The first thing we must recognize is that some of the laws in the Torah were explicitly for the Jews. Any laws given under the conditions of living in the land of Israel (property laws and civil laws) or dealing with ritual purity (bodily fluids and illnesses) do not apply to any Gentiles at all. Only moral laws dealing with moral behavior like stealing, sexual sin, and murder apply to Gentiles. In that same chapter, one will find laws about how to build a house or how to plant crops.
Deut 22:8 (NLT) When you build a new house, you must build a railing around the edge of its flat roof.

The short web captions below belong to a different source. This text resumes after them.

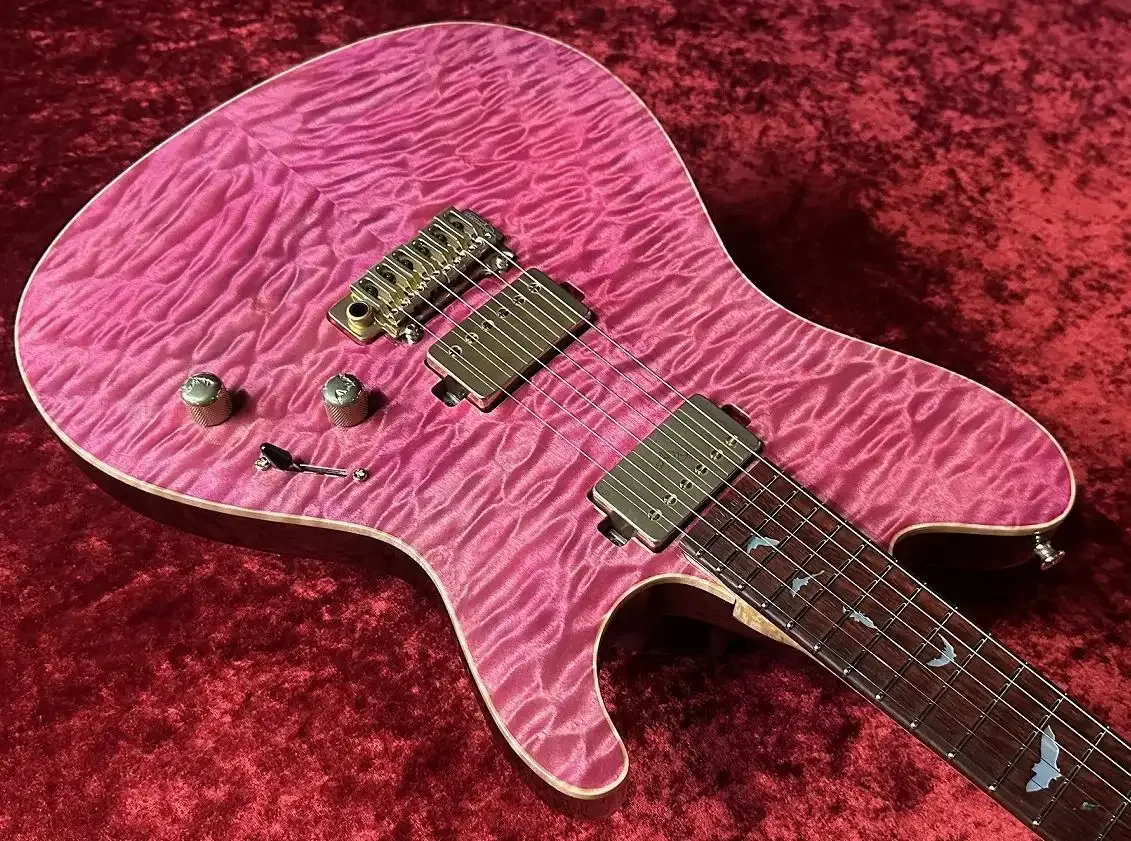 Sugi DS496C 6AQM/BEM/ASH2P · TRSP · Instrument photo 4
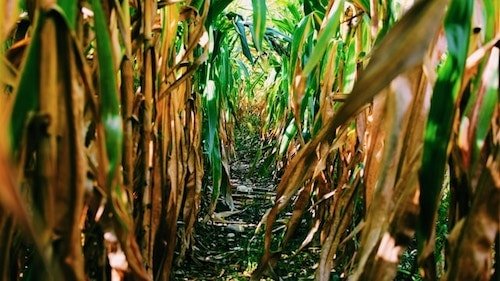 Corn maze at Fox Hill Farms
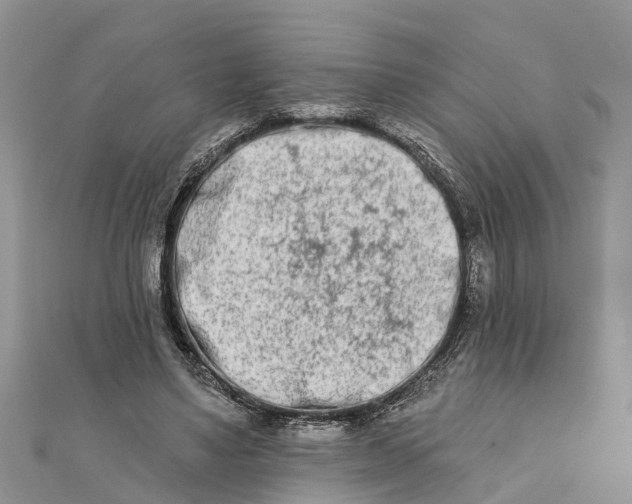 X0000112180491200908281405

That way you will not be considered guilty of murder if someone falls from the roof.
This law doesn’t apply in western cultures where roofs are slanted, therefore is unique to the culture of Isreal. Also in that same chapter, the Israelites were given specific rules about how to make clothes like not mixing fabrics (Deut 22:11) and adding tassels to them (Deut 22:12).
Deut 22:11 “You must not wear clothing made of wool and linen woven together.12 “You must put four tassels on the hem of the cloak with which you cover yourself—on the front, back, and sides.
The prohibitions on crossbreeding kinds, mixing of seeds in the vineyard, and the mixing of fabrics in clothing in Deut 22:9-11 (as well as Lev 19:19), are possibly connected to Canaanite pagan rituals where they mix animals, plants, and fabrics as a worship act towards their fertility gods. This is according to the book, “Think Christianly: Looking at the Intersection of Faith and Culture” by Jonathan Morrow. The fabric mixing could also be a practical issue since cotton keeps one cool in the summer and wool is for keeping one warm in the winter. In Ezekiel 44:17-18, the priests are forbidden from wearing wool while serving in the temple because it will cause them to sweat. This lends to the idea that there may have been health concerns with mixing fabrics based on the climate conditions.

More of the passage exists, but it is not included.